[Task to carry out]:
Everything in the data that follows should be given again verbatim, except the images.

[Excerpted data]:
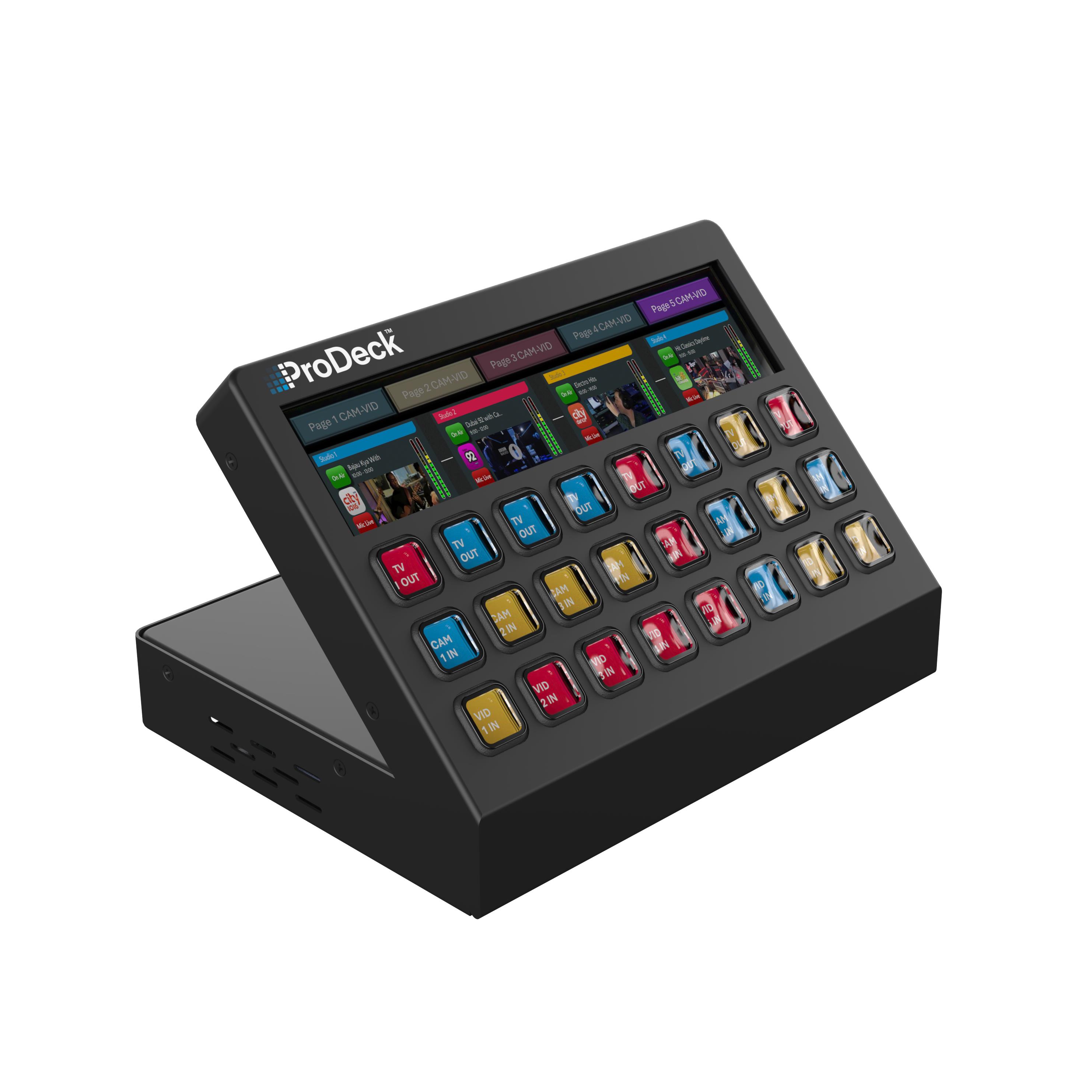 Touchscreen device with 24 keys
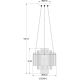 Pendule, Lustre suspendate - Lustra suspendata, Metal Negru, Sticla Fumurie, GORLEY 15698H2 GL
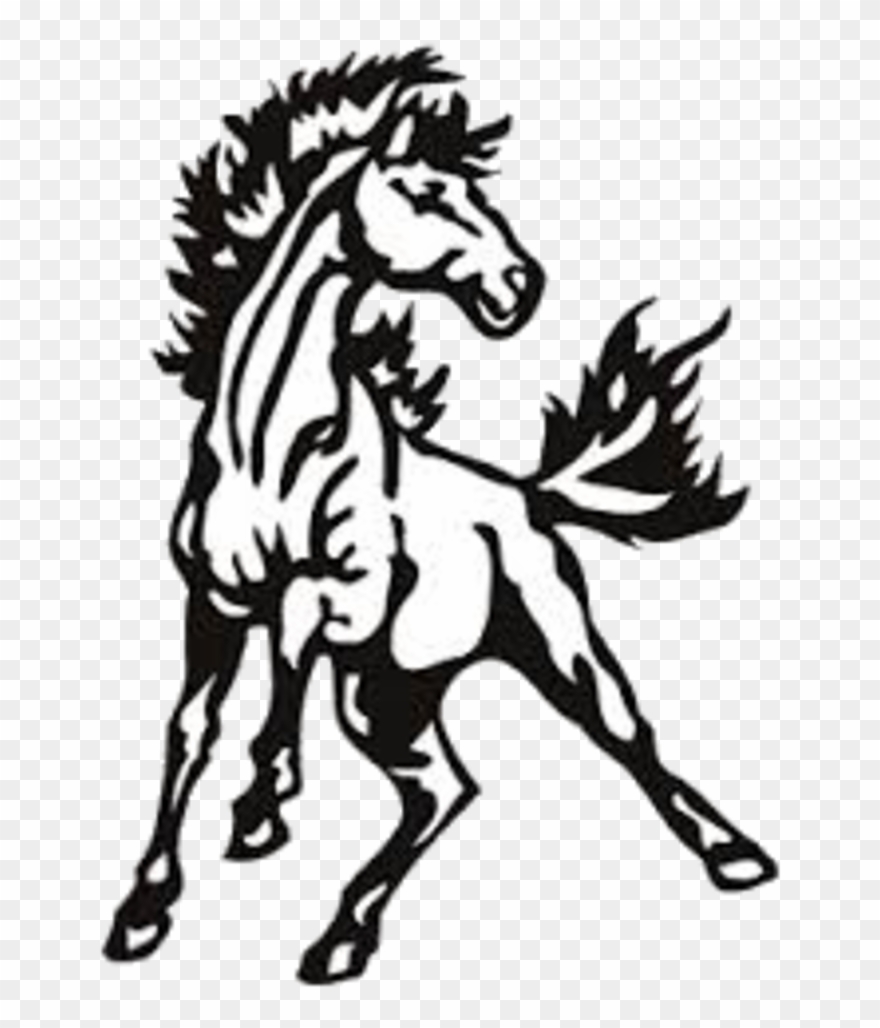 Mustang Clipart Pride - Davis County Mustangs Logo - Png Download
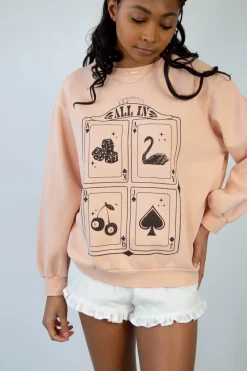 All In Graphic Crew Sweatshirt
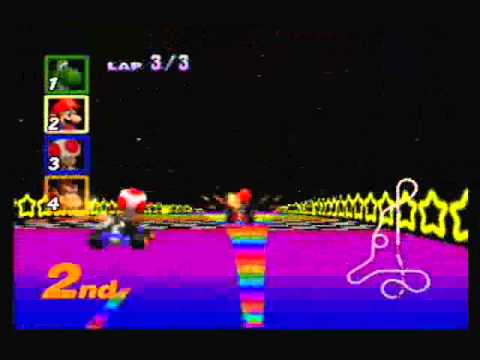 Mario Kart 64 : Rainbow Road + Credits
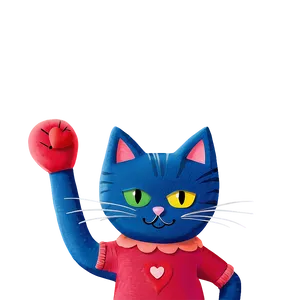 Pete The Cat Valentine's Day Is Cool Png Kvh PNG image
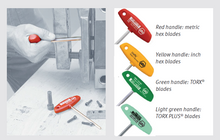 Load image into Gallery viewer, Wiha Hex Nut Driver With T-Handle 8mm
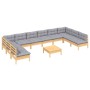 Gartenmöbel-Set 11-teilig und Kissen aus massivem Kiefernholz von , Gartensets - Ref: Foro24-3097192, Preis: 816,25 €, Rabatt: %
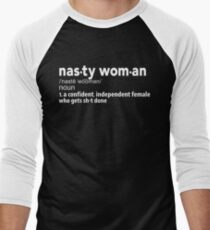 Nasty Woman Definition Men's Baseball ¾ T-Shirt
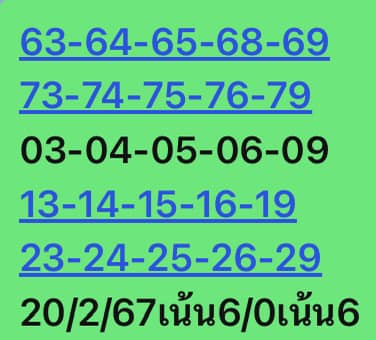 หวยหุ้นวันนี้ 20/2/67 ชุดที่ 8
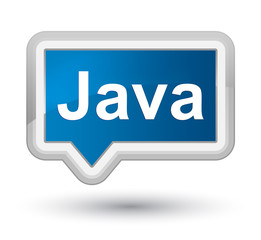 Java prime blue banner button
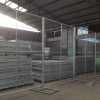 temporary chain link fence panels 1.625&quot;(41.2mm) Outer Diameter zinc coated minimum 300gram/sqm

[Solution for this problem]:
 Touchscreen device with 24 keys
 Pendule, Lustre suspendate - Lustra suspendata, Metal Negru, Sticla Fumurie, GORLEY 15698H2 GL
 Mustang Clipart Pride - Davis County Mustangs Logo - Png Download
 All In Graphic Crew Sweatshirt
 Mario Kart 64 : Rainbow Road + Credits
 Pete The Cat Valentine's Day Is Cool Png Kvh PNG image
 Load image into Gallery viewer, Wiha Hex Nut Driver With T-Handle 8mm
 Gartenmöbel-Set 11-teilig und Kissen aus massivem Kiefernholz von , Gartensets - Ref: Foro24-3097192, Preis: 816,25 €, Rabatt: %
 Nasty Woman Definition Men's Baseball ¾ T-Shirt
 หวยหุ้นวันนี้ 20/2/67 ชุดที่ 8
 Java prime blue banner button
 temporary chain link fence panels 1.625&quot;(41.2mm) Outer Diameter zinc coated minimum 300gram/sqm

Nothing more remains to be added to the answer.